Seatrain Shipbuilding Corp.,
Moreover, the appellants continue to suffer an ongoing injury. The Operations Instruction creates a continuing opportunity for importers of. foreign equipment to choose between American and foreign installers — a choice which they would not have but for the Instruction. The Instruction encourages them to contract with a foreign supplier for installation by aliens. This, of course, is the real controversy between the parties because it allows the importers to contract away the union’s opportunity to have its members perform the necessary work in this country. The Supreme Court has considered challenges to statutes and regulations in similar situations, where the specific incidents which led to the suit have passed, if the disputed statute or regulation creates a situation in which a party’s economic position is affected. For example, in
Village of Belle Terre v. Boraas,
Here we are a step closer to the impact of the ordinance on the value of the lessor’s property. He has not only lost six tenants and acquired only two in their place; it is obvious that the scale of rental values rides on what we decide today.
Id.
at 9,
[T]he challenged governmental activity in the present case is not contingent, has not evaporated or disappeared, and, by its continuing and brooding presence, casts what may well be a substantial adverse effect on the interests of petitioning parties.
Id.
at 122,
V.
The parties have suggested that, if we find the case to be justiciable, we decide the merits ourselves. However, discovery in this case was abbreviated, and the parties have alluded to legal arguments which they have not had the opportunity to brief fully. In these circumstances, the merits are best presented to the district court in the first instance. For the reasons given above, we reverse the decision of the dis- *807 triet court and remand for further proceedings on the merits of appellants’ complaint.
Reversed and Remanded.
Notes
. Discovery in this case was somewhat shortened.
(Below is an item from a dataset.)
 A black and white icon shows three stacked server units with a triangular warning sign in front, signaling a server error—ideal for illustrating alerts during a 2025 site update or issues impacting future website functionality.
. While this appeal was pending, the international union became aware of a project in Lake County, California, in which West German bricklayers holding B-l visas were performing work of which the union’s members were allegedly capable and for which they were presumably available. The union filed suit in the district court in California, which issued a preliminary injunction ordering the INS to change the aliens’ visas from B-l "visitor for business” status to B-2 "visitor for pleasure” status. International Union of Bricklayers and Allied Craftsmen, et al. v. Smith, et al., No. C-85-1253 CAL (N.D.Cal. March 1, 1985).
. The State Department likewise accepts the challenged Operations Instruction.
. Appellants rely strongly on Karnuth in their arguments regarding the merits of this case. Our discussion of that decision with respect to the “zone of interest” surrounding §§ 101(a)(15) and 212(a)(14) is not, however, intended or designed to have any bearing on the merits.
. "[I]t is the injury and not the party that determines Article III standing."